**RECORD EXTRACTS**
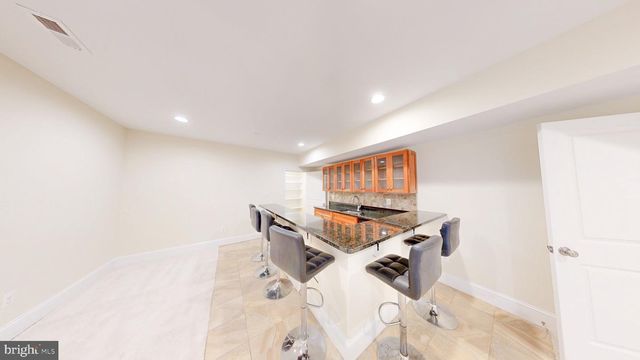 6403 EARLHAM DR, Bethesda, MD 20817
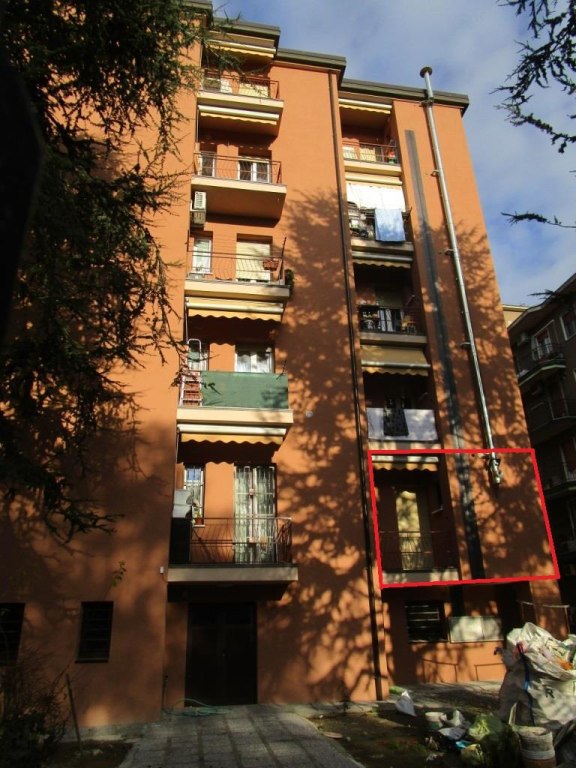 Apartment with cellar in Melzo (MI)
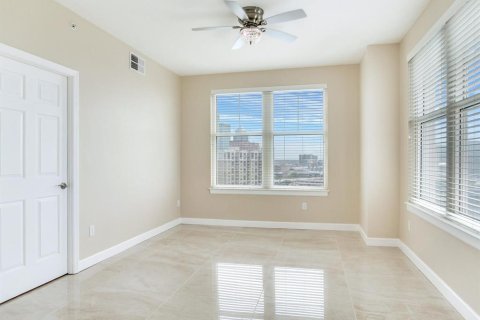 Condo in Tampa, Florida, 3 bedrooms  № 1751621 - photo 13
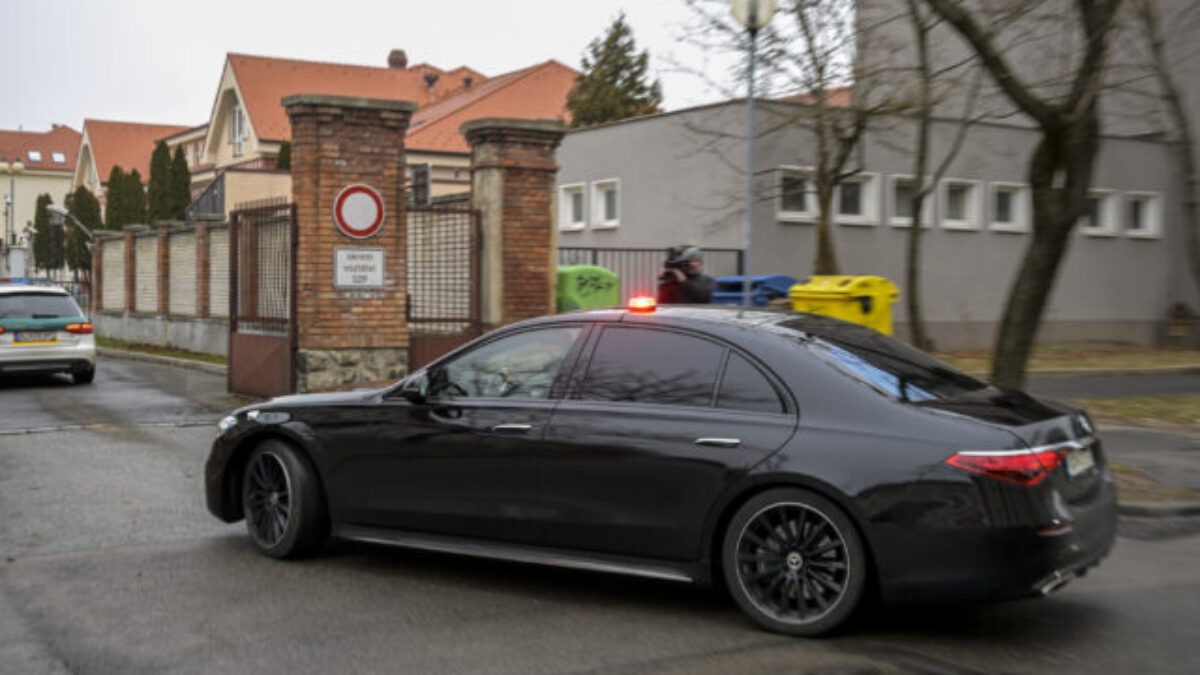 Pellegrini navštívil sídlo Slovenskej informačnej služby, žiada zvolať bezpečnostnú radu – FOTO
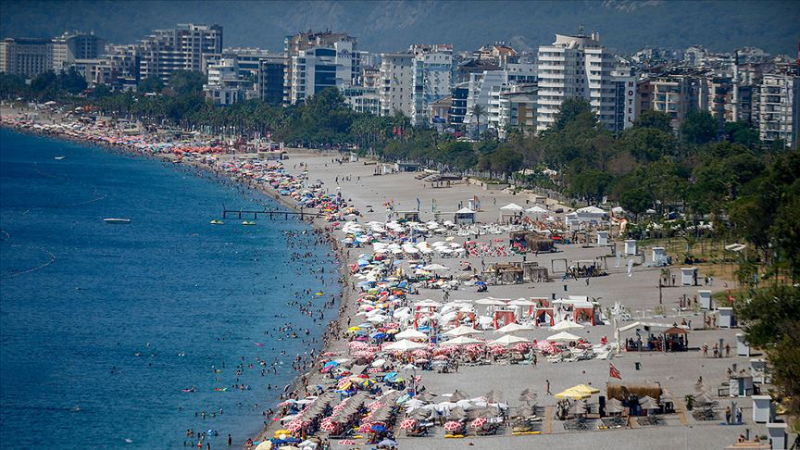 Antalya'da Yabancı Turist Sayısı 6,5 Milyonu Aştı Antalya'da Yabancı Turist Sayısı 6,5 Milyonu Aştı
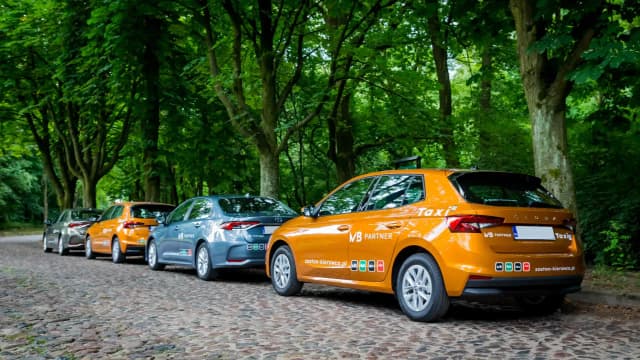 Ile można zarobić na Uberze w Poznaniu? Zaskakujące fakty o dochodach Ile można zarobić na Uberze w Poznaniu? Zaskakujące fakty o dochodach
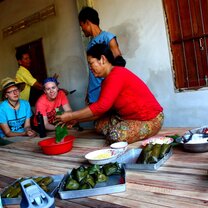 learning to cook in Thailand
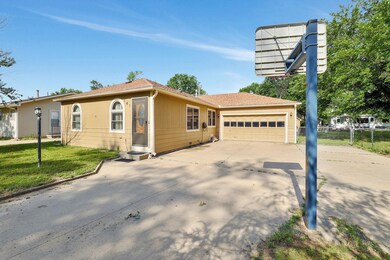 141 N Tracy St, Wichita, KS 67212 - photo 2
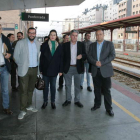 Candidatos del PSOE al Congreso y el Senado por León, con el presidente del Consejo y otras cargos orgánicos socialistas.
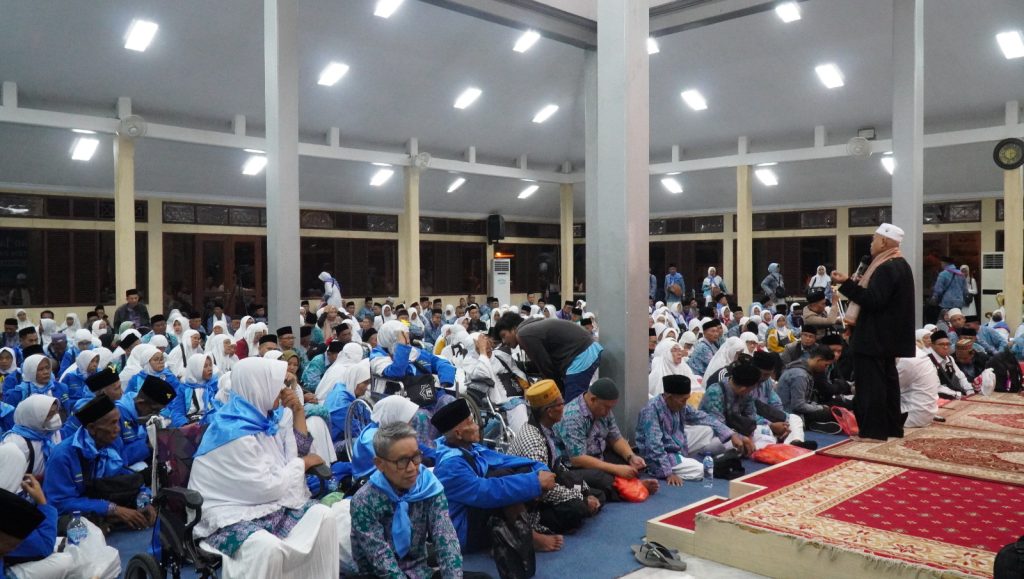 Jemaah Haji Kloter 16 Diberangkatkan, Bupati Pandeglang: Gunakan Kesempatan Baik untuk Ibadah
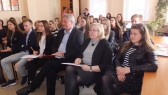 Renginio dalyviai pasveikinti daina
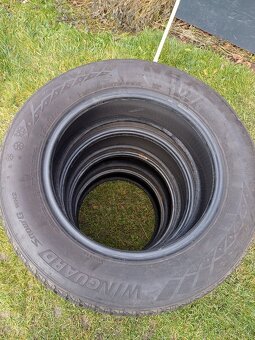 Prodám sadu zimních pneu 215/60R16 - 2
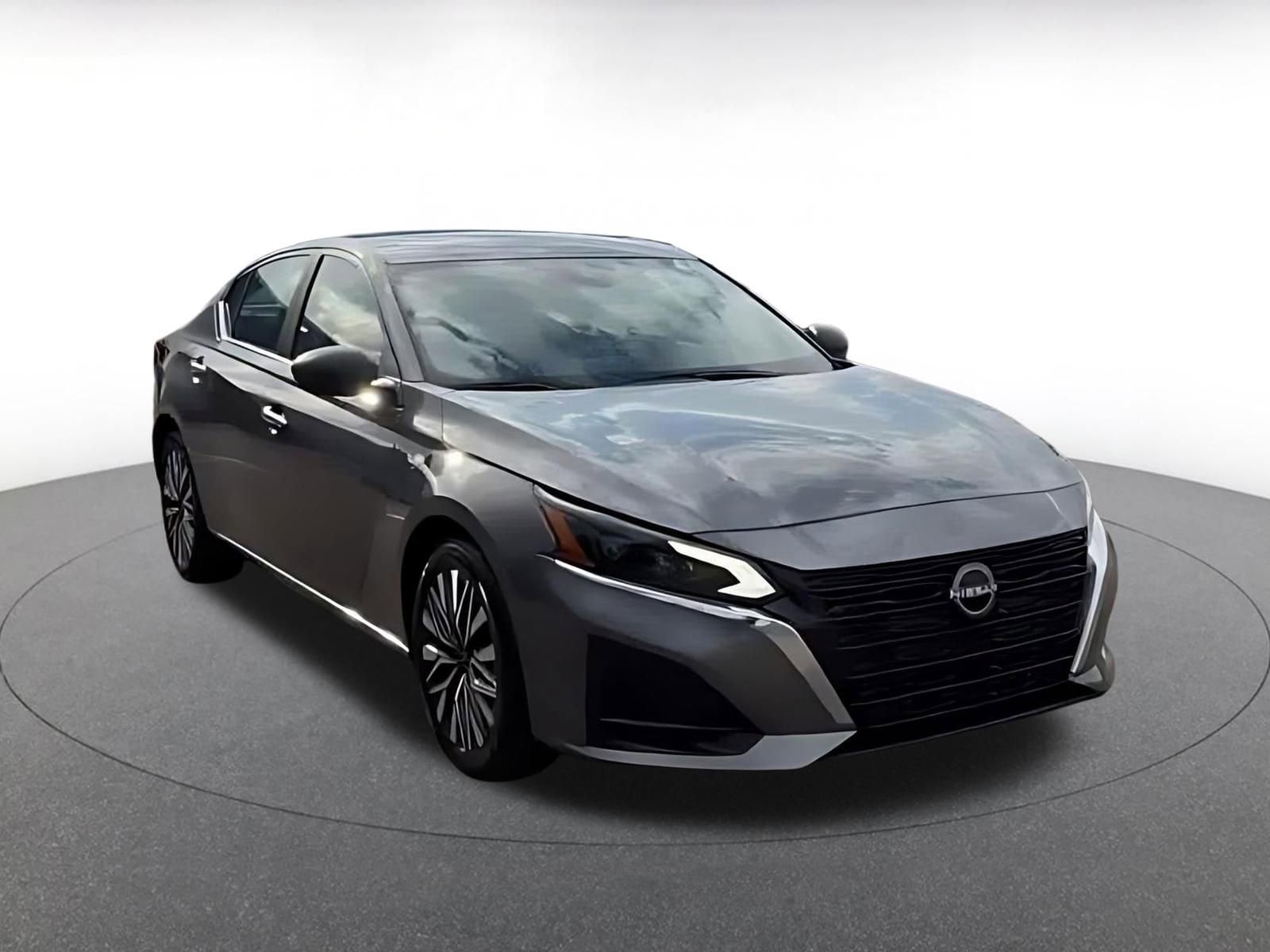 Thumbnail: 2025 Nissan Altima - 3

**WORK INSTRUCTION**
Word for word, write out each line from the one with "o dochodach Ile" through the end of the entries above, and omit any pictures.

**TASK ANSWER**
 Ile można zarobić na Uberze w Poznaniu? Zaskakujące fakty o dochodach Ile można zarobić na Uberze w Poznaniu? Zaskakujące fakty o dochodach
 learning to cook in Thailand
 141 N Tracy St, Wichita, KS 67212 - photo 2
 Candidatos del PSOE al Congreso y el Senado por León, con el presidente del Consejo y otras cargos orgánicos socialistas.
 Jemaah Haji Kloter 16 Diberangkatkan, Bupati Pandeglang: Gunakan Kesempatan Baik untuk Ibadah
 Renginio dalyviai pasveikinti daina
 Prodám sadu zimních pneu 215/60R16 - 2
 Thumbnail: 2025 Nissan Altima - 3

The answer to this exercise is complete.